Aus einer Allerseelenansprache von Papst Johannes Paul II. aus dem Jahre 1980.
Liebe Brüder und Schwestern!
Wir wollen am heutigen 1. November unser eigenes Schicksal betrachten,
während jeder von uns über seine lieben Verstorbenen nachdenkt, die uns im Zeichen des Glaubens vorausgegangen
sind und im Schlaf des Friedens ruhen. „Wir sind jetzt Kinder Gottes. Was wir aber später sein werden,
ist noch nicht offenbar geworden (1 Joh. 3,2).“
Deshalb besteht ein Abstand zwischen dem, was wir sind
und dem was wir sein werden.
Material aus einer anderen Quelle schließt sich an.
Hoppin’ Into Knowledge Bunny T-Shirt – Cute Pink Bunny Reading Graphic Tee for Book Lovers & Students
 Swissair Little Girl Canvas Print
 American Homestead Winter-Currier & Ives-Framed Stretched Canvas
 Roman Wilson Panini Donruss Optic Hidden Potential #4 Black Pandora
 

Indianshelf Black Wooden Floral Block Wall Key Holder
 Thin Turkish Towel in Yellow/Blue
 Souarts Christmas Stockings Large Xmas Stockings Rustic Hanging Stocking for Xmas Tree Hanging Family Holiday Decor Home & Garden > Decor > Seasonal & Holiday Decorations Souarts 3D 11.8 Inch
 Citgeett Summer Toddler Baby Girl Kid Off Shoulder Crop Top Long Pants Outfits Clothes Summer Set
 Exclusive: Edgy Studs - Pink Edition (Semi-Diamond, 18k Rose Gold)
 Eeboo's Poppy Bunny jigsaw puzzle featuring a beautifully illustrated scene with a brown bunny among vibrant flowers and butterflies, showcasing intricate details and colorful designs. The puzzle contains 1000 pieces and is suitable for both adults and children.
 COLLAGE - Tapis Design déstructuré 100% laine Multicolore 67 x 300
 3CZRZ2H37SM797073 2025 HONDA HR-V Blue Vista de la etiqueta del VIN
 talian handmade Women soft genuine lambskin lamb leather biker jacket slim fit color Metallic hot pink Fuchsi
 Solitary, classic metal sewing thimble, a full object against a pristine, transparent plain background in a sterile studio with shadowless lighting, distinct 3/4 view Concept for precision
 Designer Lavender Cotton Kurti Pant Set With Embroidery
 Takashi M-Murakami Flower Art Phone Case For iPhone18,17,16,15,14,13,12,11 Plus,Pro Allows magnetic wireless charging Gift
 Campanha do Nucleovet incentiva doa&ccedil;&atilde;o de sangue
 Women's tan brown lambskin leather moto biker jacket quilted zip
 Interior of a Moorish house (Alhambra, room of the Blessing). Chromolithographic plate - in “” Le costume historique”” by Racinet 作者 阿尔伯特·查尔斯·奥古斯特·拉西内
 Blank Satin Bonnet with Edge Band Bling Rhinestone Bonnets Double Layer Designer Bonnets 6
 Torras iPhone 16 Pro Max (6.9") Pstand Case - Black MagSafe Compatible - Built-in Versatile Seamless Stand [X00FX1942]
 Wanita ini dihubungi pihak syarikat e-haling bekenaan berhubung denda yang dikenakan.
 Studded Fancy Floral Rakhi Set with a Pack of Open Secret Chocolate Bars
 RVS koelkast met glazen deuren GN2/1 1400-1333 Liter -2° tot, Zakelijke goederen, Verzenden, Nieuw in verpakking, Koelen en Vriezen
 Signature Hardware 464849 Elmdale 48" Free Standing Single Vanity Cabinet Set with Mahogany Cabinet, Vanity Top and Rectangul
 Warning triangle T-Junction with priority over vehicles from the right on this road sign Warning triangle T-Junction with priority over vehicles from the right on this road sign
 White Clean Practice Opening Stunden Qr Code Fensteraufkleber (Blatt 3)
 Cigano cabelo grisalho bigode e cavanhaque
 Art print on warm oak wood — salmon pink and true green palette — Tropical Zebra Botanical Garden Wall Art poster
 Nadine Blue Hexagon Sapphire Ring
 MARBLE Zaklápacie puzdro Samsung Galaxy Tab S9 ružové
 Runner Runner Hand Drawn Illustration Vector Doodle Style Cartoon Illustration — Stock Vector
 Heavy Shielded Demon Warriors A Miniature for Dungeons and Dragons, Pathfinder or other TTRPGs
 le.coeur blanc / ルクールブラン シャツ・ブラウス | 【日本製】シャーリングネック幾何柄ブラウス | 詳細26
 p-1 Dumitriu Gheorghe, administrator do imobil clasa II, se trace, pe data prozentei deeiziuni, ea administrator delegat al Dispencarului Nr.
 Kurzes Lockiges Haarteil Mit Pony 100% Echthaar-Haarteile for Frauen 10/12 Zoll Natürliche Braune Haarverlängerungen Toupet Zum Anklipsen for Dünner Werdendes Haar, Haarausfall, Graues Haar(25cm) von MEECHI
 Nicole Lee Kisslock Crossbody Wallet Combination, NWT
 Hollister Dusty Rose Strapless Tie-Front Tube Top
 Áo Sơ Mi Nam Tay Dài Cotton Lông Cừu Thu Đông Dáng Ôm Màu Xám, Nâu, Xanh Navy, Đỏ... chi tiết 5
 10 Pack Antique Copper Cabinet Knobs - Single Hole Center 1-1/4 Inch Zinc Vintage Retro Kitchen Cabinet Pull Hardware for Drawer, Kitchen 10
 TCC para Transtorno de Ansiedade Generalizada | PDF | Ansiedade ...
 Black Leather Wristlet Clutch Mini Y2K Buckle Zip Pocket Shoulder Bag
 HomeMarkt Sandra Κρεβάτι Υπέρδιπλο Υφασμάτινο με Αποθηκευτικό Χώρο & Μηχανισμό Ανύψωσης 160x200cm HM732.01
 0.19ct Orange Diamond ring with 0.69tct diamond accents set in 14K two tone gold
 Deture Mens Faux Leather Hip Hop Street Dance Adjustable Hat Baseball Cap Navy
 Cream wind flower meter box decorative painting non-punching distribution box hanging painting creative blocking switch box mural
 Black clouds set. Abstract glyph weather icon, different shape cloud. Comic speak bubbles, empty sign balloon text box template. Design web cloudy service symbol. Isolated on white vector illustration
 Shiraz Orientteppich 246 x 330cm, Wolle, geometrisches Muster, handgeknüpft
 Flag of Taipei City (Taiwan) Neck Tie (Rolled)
Zwischen diesen beiden Polen verwirklicht sich unser Warten. Aber unser Hoffen
geht über den Tod hinaus, weil die Hoffnung den Tod nur als einen Übergang zu einem endgültigen Zusammensein
mit dem Herrn betrachtet, um „wie er zu sein, weil wir ihn sehen werden, wie er ist (1 Joh. 3,2).“
Heute
sind wir aufgerufen, in einer besonderen Gemeinschaft mit unseren Verstorbenen zu leben. In Glaube und
Gebet, erneuern wir unsere Familienbande mit ihnen. Sie sehen uns, folgen uns und helfen uns. Sie sehen
den Herrn bereits so „wie er ist.“ Auf diese Weise ermutigen sie uns, unseren Weg fortzusetzen, die Pilgerreise,
die auf dieser Erde noch vor uns liegt.
Es ist eine Tatsache, daß wir hier „keine bleibende Stätte“
haben (Heb 13,14). Das wichtigste besteht darin, daß wir uns nicht von unseren Sorgen zuschütten lassen
und ganz besonders nicht den Blick auf das letzte Ziel verlieren.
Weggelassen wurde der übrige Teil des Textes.